__Extracted records__:
[Start of section]
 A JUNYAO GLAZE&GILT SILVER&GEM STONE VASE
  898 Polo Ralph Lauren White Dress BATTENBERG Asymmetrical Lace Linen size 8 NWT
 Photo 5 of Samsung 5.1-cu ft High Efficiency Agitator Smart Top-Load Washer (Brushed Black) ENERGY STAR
[End of section]
[Start of section]
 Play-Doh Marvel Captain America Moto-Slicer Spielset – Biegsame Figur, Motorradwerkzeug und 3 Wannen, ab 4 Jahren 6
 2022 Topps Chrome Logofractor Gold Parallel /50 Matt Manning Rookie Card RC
[End of section]
[Start of section]
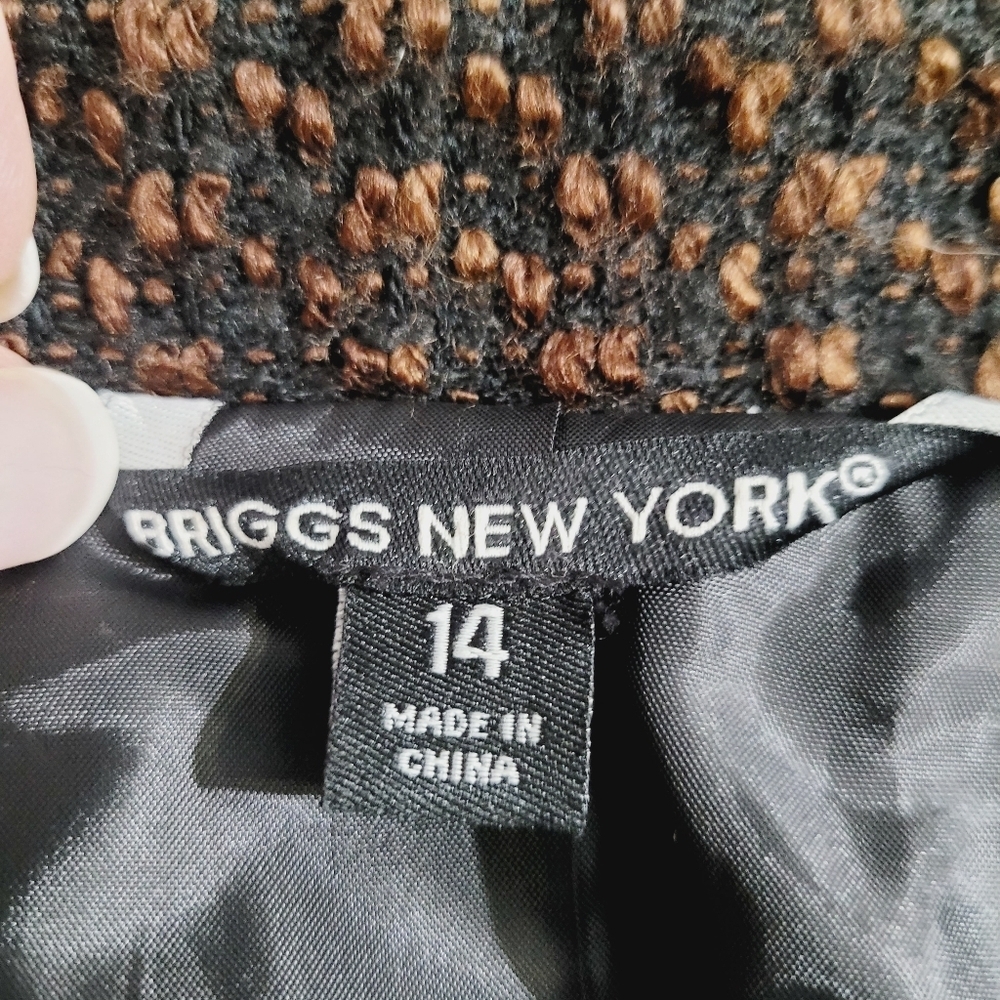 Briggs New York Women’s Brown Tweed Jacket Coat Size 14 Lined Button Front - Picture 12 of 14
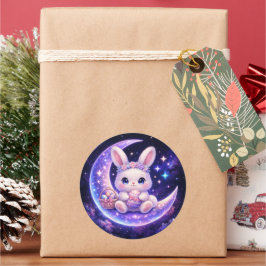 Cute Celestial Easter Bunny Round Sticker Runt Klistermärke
[End of section]
__Problem to work on__: Everything from the line with "A JUNYAO GLAZE&GILT SILVER&GEM STONE VASE" through the line with "Photo 5 of Samsung" in the listing above must be retyped exactly, with nothing added.

__Response below__:
 A JUNYAO GLAZE&GILT SILVER&GEM STONE VASE
  898 Polo Ralph Lauren White Dress BATTENBERG Asymmetrical Lace Linen size 8 NWT
 Photo 5 of Samsung 5.1-cu ft High Efficiency Agitator Smart Top-Load Washer (Brushed Black) ENERGY STAR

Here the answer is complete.